As mentioned above, there is a delay between when a sample is collected and when it is available to a formula. This must be considered when you use the GetSample method. See GetSamplePercent below. |
GetSamplePeriod() | Returns the period of samples that were taken in a historical sample data set. |
Count() | Returns the total number of samples in the metric history. |
HistoryBeginTime() | Returns the time stamp of the oldest available data sample for the metric. |
GetSamplePercent() | Returns the percentage of samples that are available for a given time interval. For example: doubleVec GetSamplePercent( (timestamp | timeinterval) startTime [, (timestamp | timeinterval) endTime] ) Because the GetSample method fails if the percentage of samples returned is less than the samplePercent specified, you can use the GetSamplePercent method to check first. Then you can perform an alternate action if insufficient samples are present, without halting the automatic scaling evaluation. |
The core operation of an autoscale formula is to obtain task and resource metric data and then adjust pool size based on that data. As such, it is important to have a clear understanding of how autoscale formulas interact with metrics data, or "samples."
Samples
The Batch service periodically takes samples of task and resource metrics and makes them available to your autoscale formulas. These samples are recorded every 30 seconds by the Batch service. However, there is typically some latency that causes a delay between when those samples were recorded and when they are made available to (and can be read by) your autoscale formulas. Additionally, due to various factors such as network or other infrastructure issues, samples may not have been recorded for a particular interval. This results in "missing" samples.
Sample percentage
When samplePercent
is passed to the GetSample()
method or the GetSamplePercent()
method is called, "percent" refers to a comparison between the total possible number of samples that are recorded by the Batch service and the number of samples that are actually available to your autoscale formula.
Let's look at a 10-minute timespan as an example. Because samples are recorded every 30 seconds, within a 10 minute timespan, the maximum total number of samples that are recorded by Batch would be 20 samples (2 per minute). However, due to the inherent latency of the reporting mechanism or some other issue within the Azure infrastructure, there may be only 15 samples that are available to your autoscale formula for reading. This means that, for that 10-minute period, only 75 percent of the total number of samples recorded are actually available to your formula.
GetSample() and sample ranges
Your autoscale formulas are going to be growing and shrinking your pools--adding nodes or removing nodes. Because nodes cost you money, you want to ensure that your formulas use an intelligent method of analysis that is based on sufficient data. Therefore, we recommend that you use a trending-type analysis in your formulas. This type will grow and shrink your pools based on a range of collected samples.
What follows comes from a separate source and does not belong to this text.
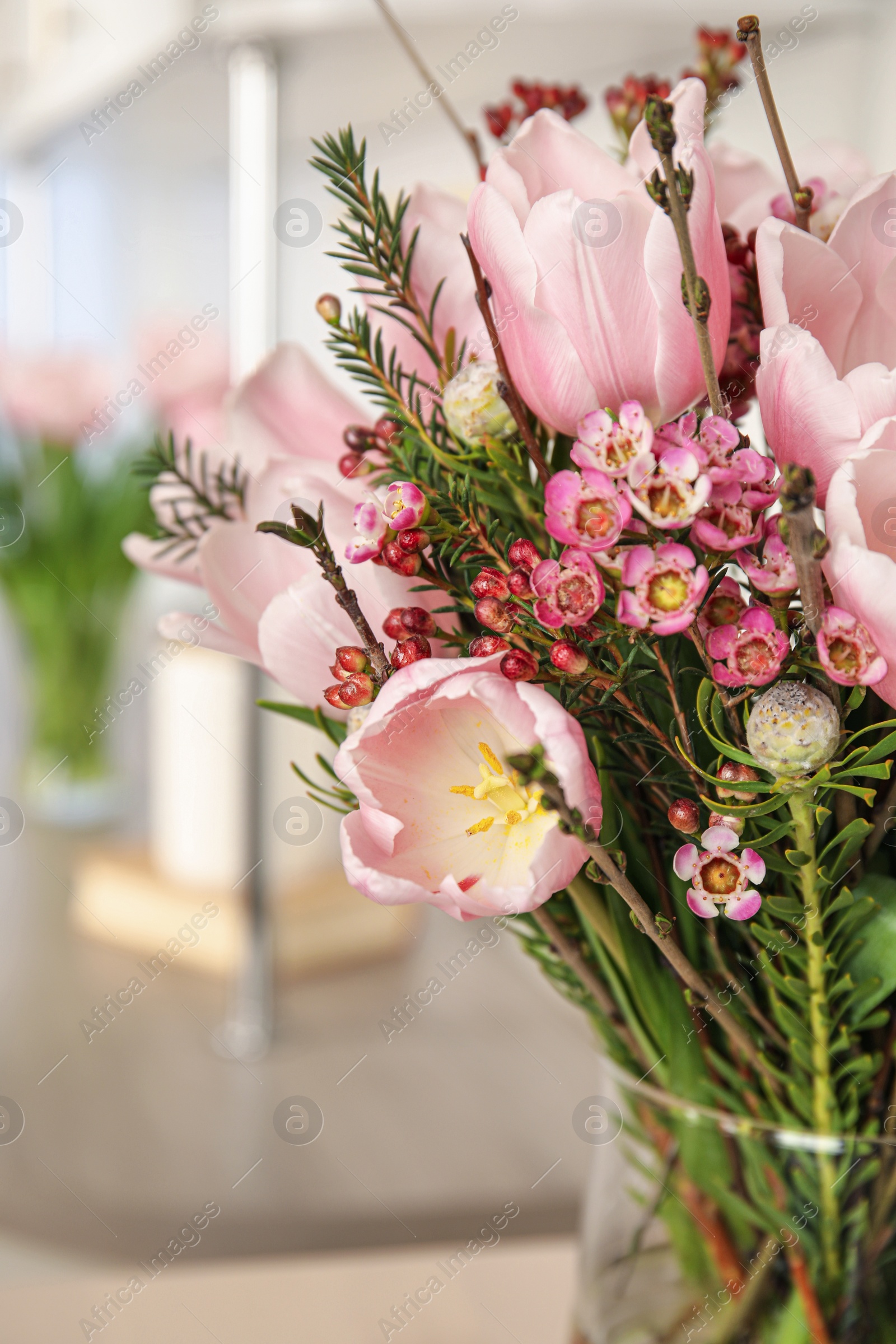 Photo of Beautiful bouquet with spring pink tulips, closeup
To do so, use GetSample(interval look-back start, interval look-back end)
to return a vector of samples:
runningTasksSample = $RunningTasks.GetSample(1 * TimeInterval_Minute, 6 * TimeInterval_Minute);
When the above line is evaluated by Batch, it will return a range of samples as a vector of values. For example:
runningTasksSample=[1,1,1,1,1,1,1,1,1,1];
Once you've collected the vector of samples, you can then use functions like min()
, max()
, and avg()
to derive meaningful values from the collected range.
For additional security, you can force a formula evaluation to fail if less than a certain sample percentage is available for a particular time period. When you force a formula evaluation to fail, you instruct Batch to cease further evaluation of the formula if the specified percentage of samples is not available--and no change to pool size will be made. To specify a required percentage of samples for the evaluation to succeed, specify it as the third parameter to GetSample()
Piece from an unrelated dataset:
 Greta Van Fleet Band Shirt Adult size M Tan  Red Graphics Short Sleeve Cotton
. Here, a requirement of 75 percent of samples is specified:
runningTasksSample = $RunningTasks.GetSample(60 * TimeInterval_Second, 120 * TimeInterval_Second, 75);
It is also important, due to the previously mentioned delay in sample availability, to always specify a time range with a look-back start time that is older than one minute. This is because it takes approximately one minute for samples to propagate through the system, so samples in the range (0 * TimeInterval_Second, 60 * TimeInterval_Second)
will often not be available. Again, you can use the percentage parameter of GetSample()
to force a particular sample percentage requirement.
[AZURE.IMPORTANT] We strongly recommend that you avoid relying only on
GetSample(1)
in your autoscale formulas. This is becauseGetSample(1)
essentially says to the Batch service, "Give me the last sample you have, no matter how long ago you got it." Since it is only a single sample, and it may be an older sample, it may not be representative of the larger picture of recent task or resource state. If you do useGetSample(1)
, make sure that it's part of a larger statement and not the only data point that your formula relies on.
You can use both resource and task metrics when you're defining a formula. You adjust the target number of dedicated nodes in the pool based on the metrics data that you obtain and evaluate. See the Variables section above for more information on each metric.
Metric | Description |
---|---|
Resource | Resource metrics are based on the CPU, bandwidth, and memory usage of compute nodes, as well as the number of nodes. These service-defined variables are useful for making adjustments based on node count:
These service-defined variables are useful for making adjustments based on node resource usage:
|
Task | Task metrics are based on the status of tasks, such as Active, Pending, and Completed. The following service-defined variables are useful for making pool-size adjustments based on task metrics:
|
You construct an autoscale formula by forming statements that use the above components and then combining those statements into a complete formula. For example, here we construct a formula by first defining the requirements for a formula that will:
- Increase the target number of compute nodes in a pool if CPU usage is high.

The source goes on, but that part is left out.